Ceux qui jugent la condamnation de Tariq Ramadan suspecte avancent généralement plusieurs arguments, articulés autour de doutes sur la procédure, le contexte politique et la médiatisation de l’affaire.
Ils mettent en avant le fait que le jugement a été rendu par contumace, estimant que l’absence de l’accusé — liée selon sa défense à des raisons médicales — aurait dû conduire à un report du procès. Pour eux, juger sans la présence de l’intéressé pose une question d’équité procédurale.
Ensuite, ils évoquent un contexte politique et médiatique sensible, considérant que la figure de Tariq Ramadan, intellectuel musulman très exposé en Europe, aurait pu influencer le traitement de l’affaire. Certains parlent d’un climat où les questions liées à l’islam et aux prédicateurs publics sont particulièrement politisées.
Des zones d’ombre
Ils soulignent également ce qu’ils perçoivent comme des zones d’ombre dans les accusations, notamment sur la nature du consentement et l’interprétation des faits, en insistant sur la complexité des dossiers de violences sexuelles et la nécessité d’une preuve rigoureuse.
Par ailleurs, ses soutiens mettent en avant la thèse d’un « acharnement judiciaire » ou d’une « instrumentalisation », reprenant en partie la ligne de défense de Ramadan lui-même, qui évoque une « conspiration » visant à discréditer son image.
Tariq Ramadan, connu pour ses écrits et ses conférences controversées, continue de nier l’ensemble des accusations portées contre lui, et à l’instar de ses soutiens les qualifiant de « complot politique » visant à ternir sa réputation.
Ces positions restent toutefois contestées par d’autres observateurs, qui rappellent que la décision repose sur une procédure judiciaire encadrée et sur l’examen des éléments présentés devant la cour.

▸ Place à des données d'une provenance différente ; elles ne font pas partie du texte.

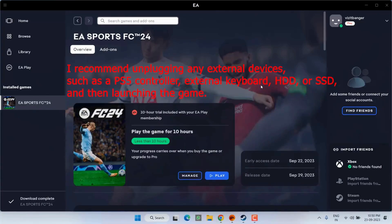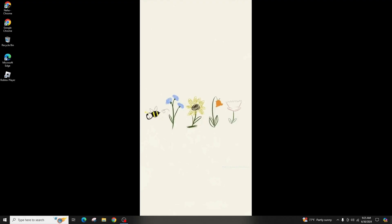First, I recommend unplugging any external devices such as a PS5 controller, external keyboard, HDD or SSD and then launching the game. If that does not work,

Ce verdict a été accueilli avec soulagement par les victimes, dont leur avocat qui y voit une « victoire pour la justice et une reconnaissance des souffrances endurées ».
Il convient de rappeler que la justice suisse l’avait déjà condamné en 2024 à trois ans de prison, dont une année ferme, pour des faits liés au viol et à la contrainte sexuelle, après une première décision d’acquittement.
Dans le même contexte, la justice pénale française a confirmé l’interdiction définitive de Tariq Ramadan d’entrer sur le territoire français après l’exécution de sa peine, tout en maintenant le mandat d’arrêt émis à son encontre le 6 mars.